While npm is amazingly convenient during development, managing the workflow around npm install can be a pain point in terms of speed, reliability, and reproducibility as you scale out builds and in production. If you use Instaclone to publish after committing your npm shrinkwrap file, you can switch back and forth between Git branches and run instaclone install instantly instead of npm install and waiting 3 minutes. Your colleagues can do this too -- after you publish, they can run instaclone install and get a byte-for-byte exact copy of your node_modules cached on their machines. Finally, your CI builds will speed up most of the time -- possibly by a lot! See below for more info on this.

Features

  • Upload/download is via configurable shell commands, using whatever backing storage system desired, so you don't have to worry about configuring credentials just for this tool, and can publish to S3 or elsewhere. I'd recommend using s4cmd for high-performance multi-connection access to S3.
  • Snapshots have version strings, which can be:
    • Explicit (you just say what version to use in the config file)

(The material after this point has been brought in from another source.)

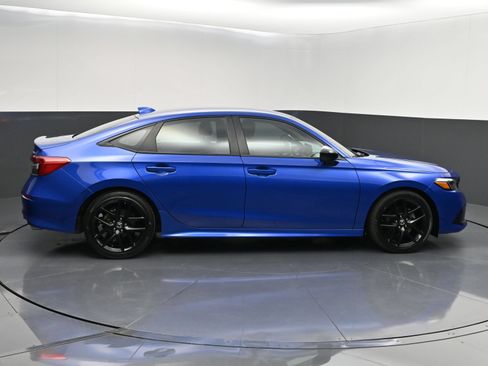 Used 2023 Honda Civic Sport image 8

    • SHA1 of a file (you say another file that is hashed to get a unique string)
    • Command (you have Instaclone execute an arbitrary command, like uname, which means you can have different versions per platform type automatically)
  • Simple, clean internal format.
    • By default it's in ~/.instaclone, but you can set the INSTACLONE_DIR environment variable to set this directory to something else.
    • The file cache is just a simple file tree that you can look at and clean up as you wish.
    • Directories are archived as .zip files, stored next to the full directory, which is read-only.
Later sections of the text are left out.